__Try it__: Transcribe the data exactly. Pictures stay out.

__Data shown__:
•••••

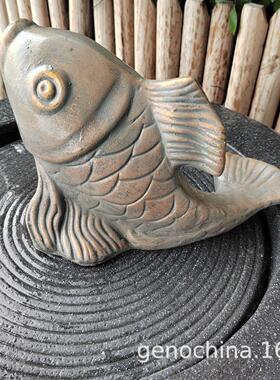 庭院园林流水鲤鱼吐水造型喷泉流水景观户外插电款-1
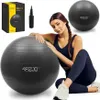 Nafukovací Gymnastický Míč 65 Cm - Černý Náhled obrázku produktu 2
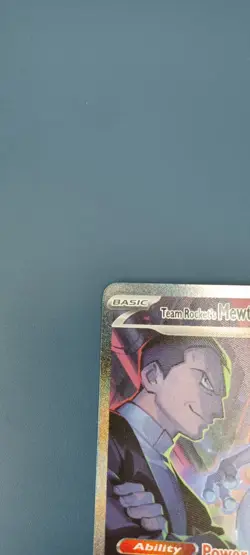 Pokemon TCG Destined Rivals Team Rocket's Mewtwo EX Full Art Card 231/182 NM - Image 3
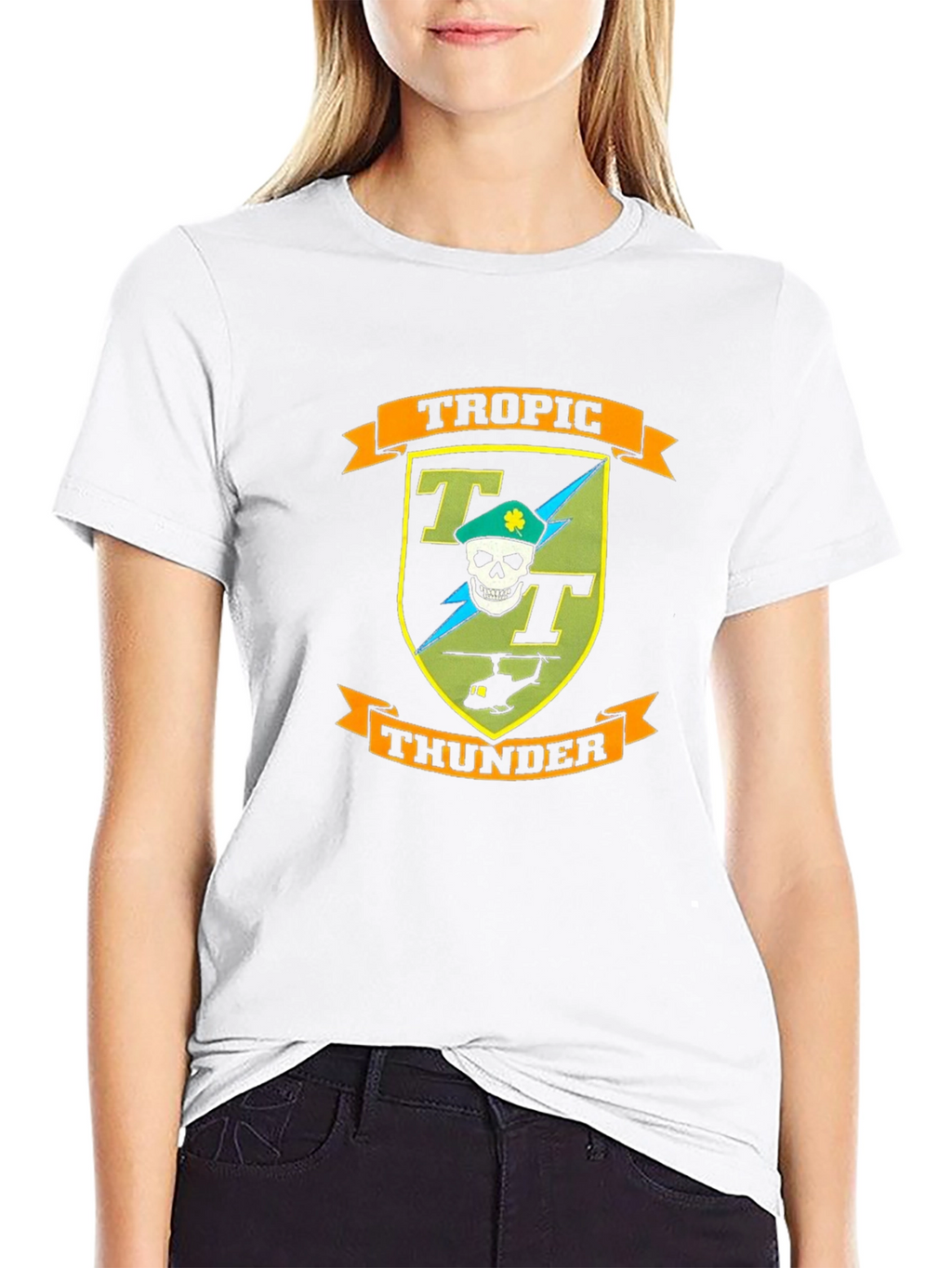 Tropic Thunder Graphic T-Shirt - Black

•••••

__Solution to this task__:
 庭院园林流水鲤鱼吐水造型喷泉流水景观户外插电款-1
 Nafukovací Gymnastický Míč 65 Cm - Černý Náhled obrázku produktu 2
 Pokemon TCG Destined Rivals Team Rocket's Mewtwo EX Full Art Card 231/182 NM - Image 3
 Tropic Thunder Graphic T-Shirt - Black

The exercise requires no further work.